GAM Slashes Bonus Pool to Zero, Triggering Anger Among Staff

GAM Holding AG has cut its bonus pool to zero with the exception of contractual bonuses for fund managers, as the struggling asset manager seeks to contain costs before its takeover by a rival is finalized.

(Bloomberg) — GAM Holding AG has cut its bonus pool to zero with the exception of contractual bonuses for fund managers, as the struggling asset manager seeks to contain costs before its takeover by a rival is finalized. 

The timing of the decision, which had been delayed from February, has caused “a degree of anger” among staff, Chief Executive Officer Peter Sanderson acknowledged on a call with employees Thursday, according to people familiar with the matter, who asked not to be identified discussing private information.
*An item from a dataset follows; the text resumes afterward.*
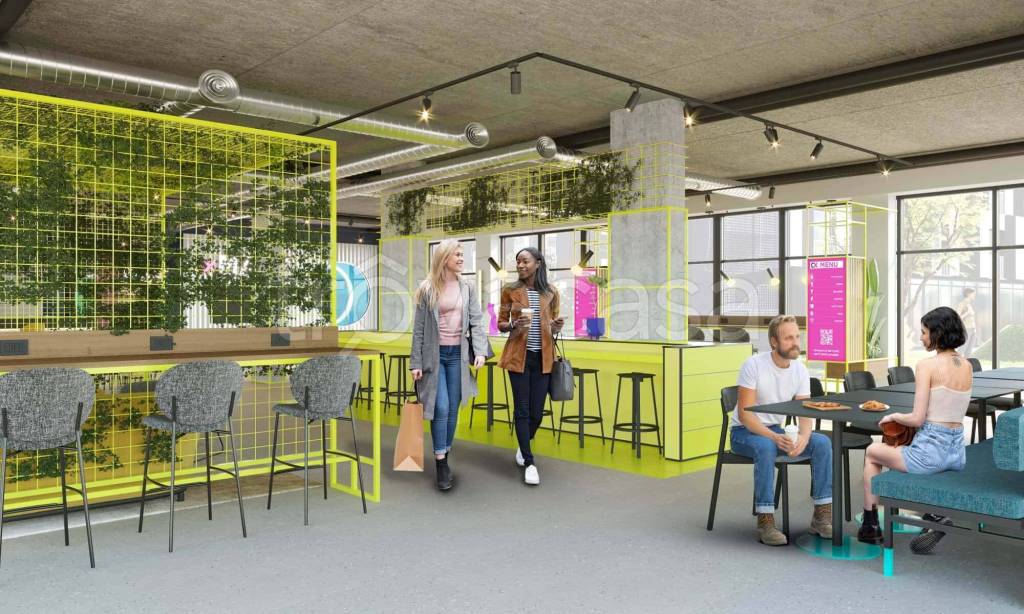 immagine annuncio 9 di 13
He said the cut was necessary because of the firm’s financial results. 

“It is a tough decision but it is essentially reflective of how fast that revenue drop was in the past year,” Sanderson said. “And the simple maths around the operating loss that we were running versus the runway that we needed to make sure the firm stays safe through the transaction.”
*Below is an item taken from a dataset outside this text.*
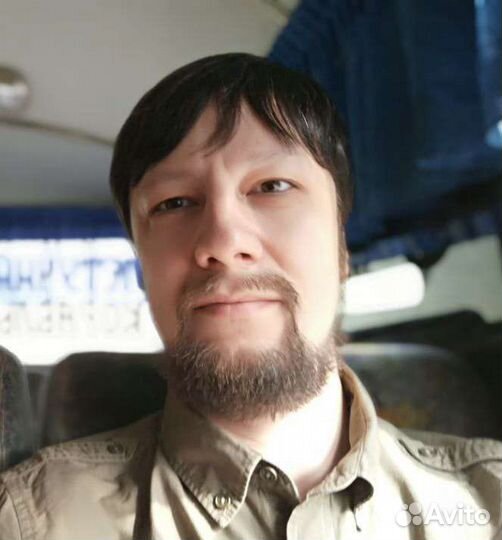 Настройка роутеров. Наладка компьютера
A spokesman for GAM declined to comment. 

Keeping contractual bonuses for key portfolio managers may help to avoid further outflows of talent after the Swiss asset manager earlier this month agreed to sell itself to London-based Liontrust Asset Management for 107 million Swiss francs ($119 million). A deal would create a $66 billion global asset manager and draw a line under a tumultuous period for GAM that began five years ago and involved the shuttering of nine funds and the dismissal of star bond trader Tim Haywood. 
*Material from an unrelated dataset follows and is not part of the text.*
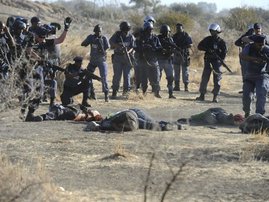 Marikana shootings_1.jpg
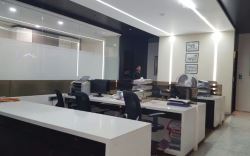 Office Search Realtor -Office Space Specialists in Chakala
GAM’s variable compensation totaled 38 million francs in 2021, accounting for about a quarter of the firm’s annual personnel costs for the year. The firm has cut its headcount to 541 employees from 701 at the end of 2020.  

The company’s income fell 27% in 2022 from a year earlier, according to an investor presentation. In January, GAM had said it would post its fifth straight loss and pushed back the publication of its 2022 results. 

(Adds previous variable compensation figures in sixth paragraph.)